Like Dr. Wood, I myself have been to the continent, not enough, but twice. My first trip to Ghana was in Y2K in the year 2000 for national international convention of the Association of Black Psychologists. So in that respect, through all the decade of the 90s, we retraced the steps of the Underground Railroad with our annual conventions starting in Toronto and finishing in Charleston, which as you remember was the largest slave port where they were importing slaves from around the world, with two deviations. One was LA, which was my convention, and the other was Chicago to align with the Black Congress on Health Law and Economics where all the Black organizations get together in an election year to be able to do that. But when we went to Ghana, I mean, when I got down off the plane and walked down onto the tarmac, I knelt down and just kissed the ground because it was home.

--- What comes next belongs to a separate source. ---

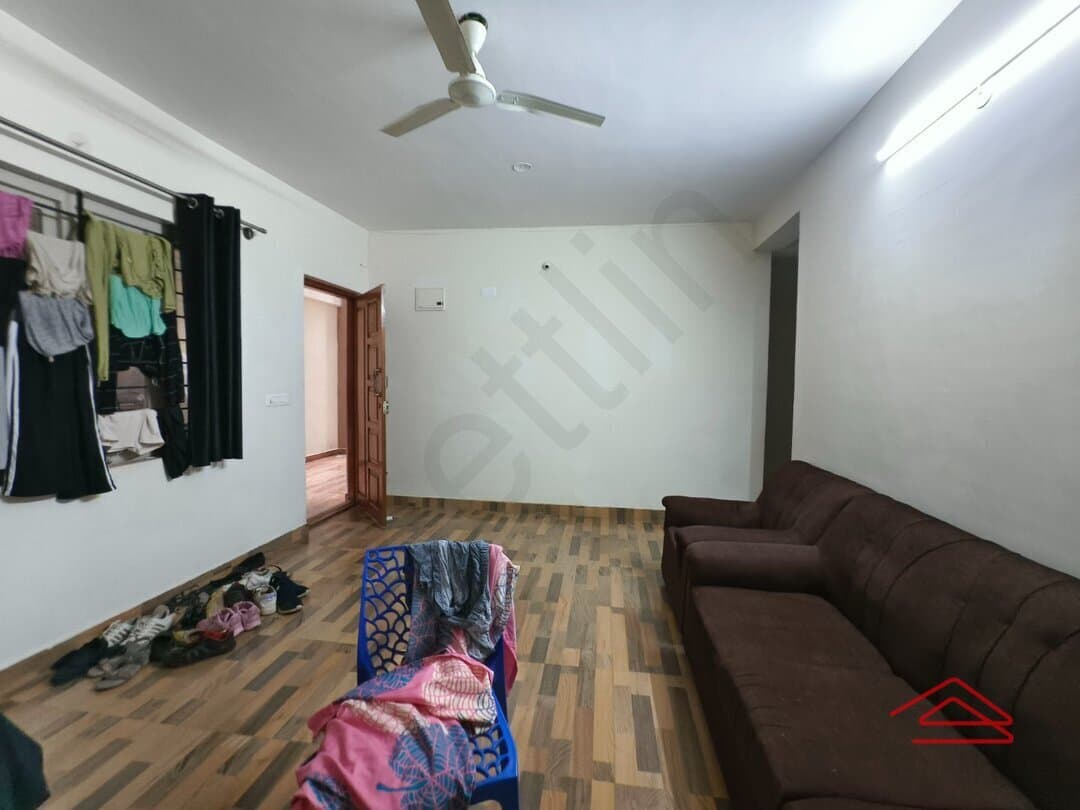 Hall 1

But when we went into those slave dungeons of Elmina and Cape Coast, what the psychologists did is we performed some ritual and we actually took bottles of rum, which were, you know, was one of the commodities traded for the slaves and other folk. And we broke them against the wall, right, as ritual. But we also told the folk that the people lied because when we stood next to the door of no return and they said, your children would never be home, we told them you lied because your children are home and we are actually doing okay. And we want you to know that we are doing fine. And so we were in those particular spaces.

 

But my second visit to Africa, actually was my first visit to Africa was to Kemet, to the cradle of civilization, what people call Egypt, with the great Asa Hilliard, who was a good friend of mine. But there is nothing more fabulous I've seen in my life next to the birth of my child, watching her come into the world's most fabulous thing I've ever seen. Next to that, to bear witness to the genius of those African ancestors. So as I've gone from Cairo to Luxor to Aswan to Abu Simbel, which is about 25 kilometers above the Sudanese border and all the temples and tombs in between, you can just bear witness to the genius of African folk.

 

If I had Dr. Berger, a MacArthur Genius Grant, which I've never been blessed with, I would take most of that prize money and I would get a group of students, put them on a plane, and I'd invite every student I could who was Black to go to Africa. Because once you go inside those slave dungeons and you visit and you just commune with the spirits that are still there and you can just feel the spirits, you could never come back home and engage in some of the foolishness we engage in, right, as a people on the streets. And I'm talking about the illiteracy, not taking education seriously, engaging in violence, et cetera, violence in communities and families, et cetera. You could never engage in some of the neglect we take in terms of our health, because once you know what it took for us to get to these places, you have to be able to honor the sacrifice and the struggle. So in answer to your question, it is very important for us to do that. And we will continue to want to do that and do it collaboratively across institutional boundaries.

 

Dr. LaNitra Berger: Dr. Parham, if you get that genius grant, I'm coming with you. And we're taking all the students out there.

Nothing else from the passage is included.